At the same time, the level of employment fell slightly, by 0.7%.

The society commissioned the research to highlight the importance of the sector to trade negotiators when they come to discuss the UK’s post-Brexit relationship with Europe.

KPMG said the increase in productivity to £100,500 per employee, almost double the UK average of £54,330, was higher than other professions, such as architecture, advertising and accounting, and second only to management consultancy.

The report estimated that if productivity improved by 1% this year, for example because of technological change, it could boost the UK’s GDP by up to £1.2bn by 2050.

KPMG said improvements in legal services productivity benefited the wider economy due to the important role they played in the supply chain of other sectors, particularly “high-value exporting services”.

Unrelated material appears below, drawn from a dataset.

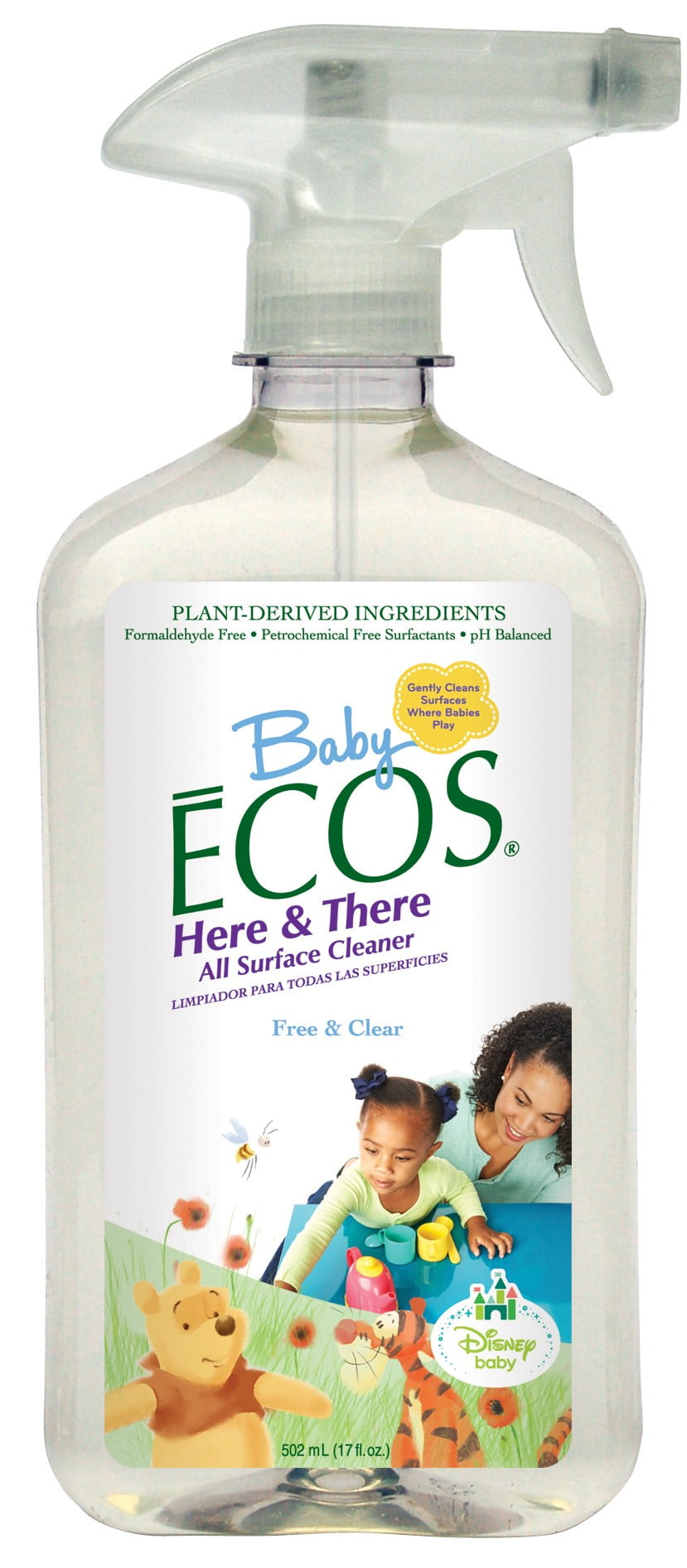 Earth Friendly Baby Ecos Here & There All Surface Cleaner, 17 Oz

It estimated the number of full-time employees in legal services by 2018 at 552,000, made up of 358,000 directly employed, 150,000 in the supply chain and 43,000 more supported by the spending of wages in the wider economy.

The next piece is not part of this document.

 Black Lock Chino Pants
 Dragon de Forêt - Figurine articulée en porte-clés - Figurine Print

The accountants said the legal sector’s gross value added (GVA) contribution to the economy was £59.9bn by 2018. GVA is the value of goods and services offset by the costs incurred in producing them.

This was made up of £39.8bn of direct GVA generated by legal services in the UK, £11.9bn generated through the supply chain, and £8.3bn generated by the spending of wages.

KPMG said the legal sector had the highest balance of trade among UK professional services sectors in 2017, exporting around £5bn of legal services and importing only £0.8bn.

The report added that the figure of £5bn could underestimate the true contribution of legal services, as it included only activity in the legal services sector itself and not other sectors that relied on it, such as financial services.

The accountants also calculated the value of pro bono work done by solicitors, by applying average charge-out rate data. It estimated the value of 43,800 solicitors working 1,446,000 unbilled hours in 2017 at £439m.

Law Society president Simon Davis commented: “This report shows the value of our sector to UK plc – that is why we think it is vital our trade negotiators put legal and other professional services at the heart of forthcoming talks on a new deal with Europe.

“Legal services are not only incredibly valuable to our national economy but also to our global reputation. It is crucial the government seeks to maintain access to the EU27 for our legal professionals as well as recognition of their qualifications once the post-Brexit transition period finishes at the end of 2020.

“This will not only support the UK economy but it will help clients in the EU who currently benefit from being able to choose law firms from this jurisdiction.”